INFORMATION PROVIDED —
+-------+
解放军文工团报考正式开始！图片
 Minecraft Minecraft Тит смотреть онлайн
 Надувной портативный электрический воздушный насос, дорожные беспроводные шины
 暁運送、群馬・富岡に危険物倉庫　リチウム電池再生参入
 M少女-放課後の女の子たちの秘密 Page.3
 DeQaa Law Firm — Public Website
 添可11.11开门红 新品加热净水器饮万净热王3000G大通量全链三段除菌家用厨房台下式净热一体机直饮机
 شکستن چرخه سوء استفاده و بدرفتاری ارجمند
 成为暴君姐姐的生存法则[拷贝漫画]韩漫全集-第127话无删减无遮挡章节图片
+-------+
PROBLEM —
Respond with the exact lines running from the one that contains "添可11.11开门红 新品加" through the last line of the data above, and no other lines.

PROBLEM SOLUTION —
 添可11.11开门红 新品加热净水器饮万净热王3000G大通量全链三段除菌家用厨房台下式净热一体机直饮机
 شکستن چرخه سوء استفاده و بدرفتاری ارجمند
 成为暴君姐姐的生存法则[拷贝漫画]韩漫全集-第127话无删减无遮挡章节图片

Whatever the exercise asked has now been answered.